Un séjour de six jours aux Lofoten fonctionne très bien si l’on accepte une règle simple: avancer peu, mais bien choisir ses étapes. L’archipel récompense les itinéraires souples, où l’on garde du temps pour les villages de pêcheurs, une ou deux grandes plages, une randonnée marquante et les aléas du ciel arctique. Dans cet article, je détaille un programme jour par jour, les meilleures bases pour dormir, la bonne période pour partir et les pièges qui font perdre du temps.
Six jours suffisent pour voir l’essentiel des Lofoten si l’on reste concentré sur l’axe E10
- Le bon rythme est souvent celui de 2 à 3 bases, pas d’un changement d’hôtel chaque soir.
- La voiture reste la solution la plus simple pour un premier road trip, surtout si vous voulez sortir des arrêts les plus connus.
- La meilleure fenêtre va de fin mai à début septembre, avec des nuits très claires autour du soleil de minuit.
- La haute saison entre mi-juin et mi-août demande plus d’anticipation et plus de patience sur les sites populaires.
- En six jours, je privilégie les villages, les plages et une grande randonnée bien choisie plutôt qu’un programme trop chargé.
- Si vous voyagez sans voiture, il faut rester très attentif aux horaires et construire l’itinéraire autour des liaisons de bus et de ferry.
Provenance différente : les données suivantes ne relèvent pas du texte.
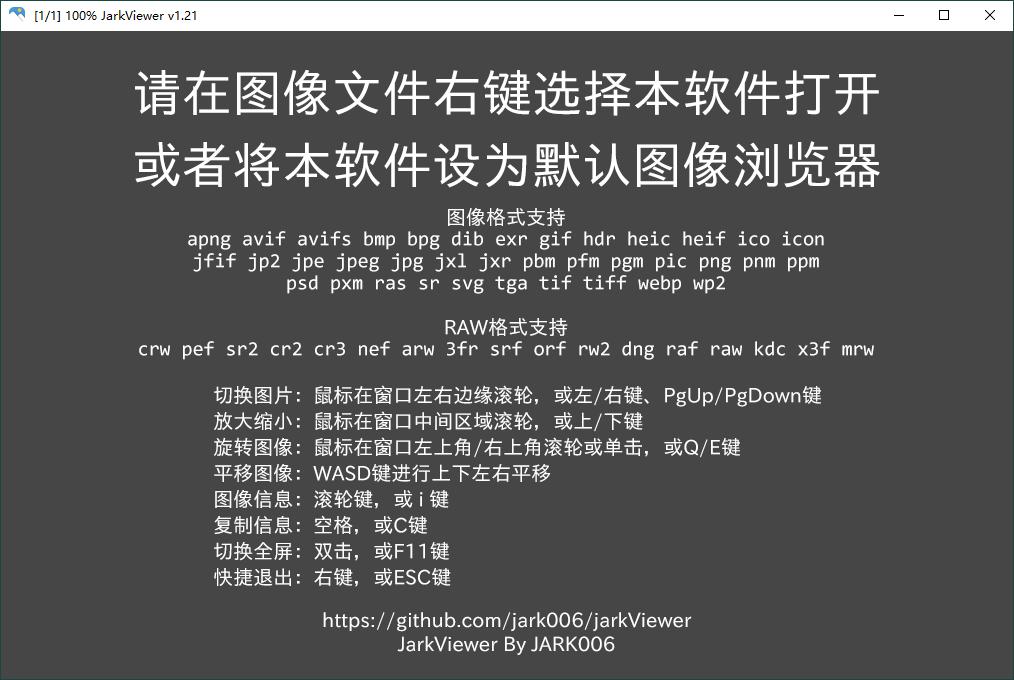jarkViewer看图工具v1.26绿色版-趣奇资源网-第6张图片 jarkViewer看图工具v1.26绿色版-趣奇资源网-第6张图片
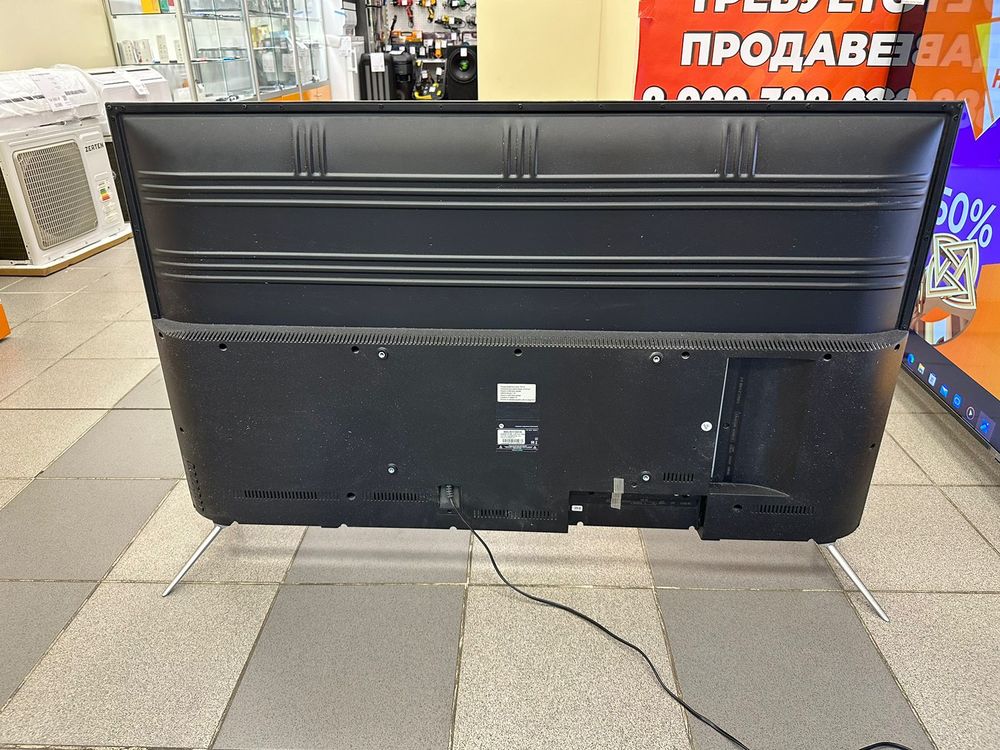 LED Телевизор HI 50USY151X Smart TV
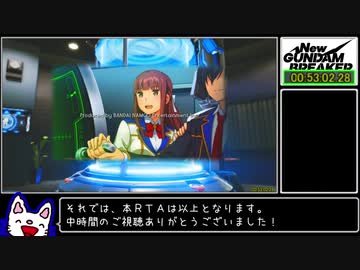 NewガンダムブレイカーRTA 53:02.28 part3/3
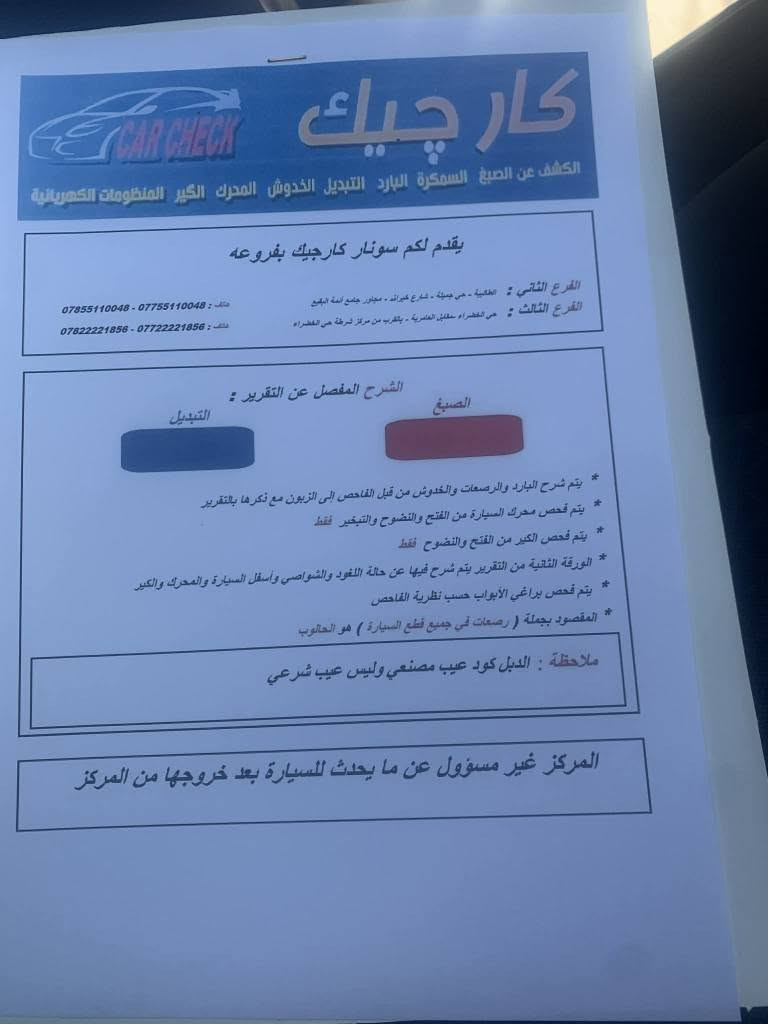 بيكانتو 20 خليجي ماشية 45 السونار مع الصور 
السعر 11 $ وبي مجال
*********** بغداد, العراق
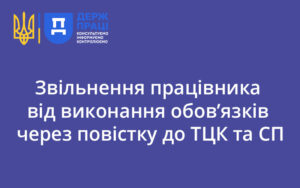 Звільнення працівника від виконання обов’язків через повістку до ТЦК та СП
Un programme de route qui garde de la place pour les pauses
Je pars ici d’un voyage qui commence par l’est de l’archipel, en venant de Svolvær, Kabelvåg ou de l’aéroport d’Evenes. Si vous arrivez par Moskenes après le ferry depuis Bodø, inversez simplement l’ordre des journées: la logique reste la même. Le but n’est pas de tout voir, mais de construire un itinéraire fluide avec un vrai point fort chaque jour.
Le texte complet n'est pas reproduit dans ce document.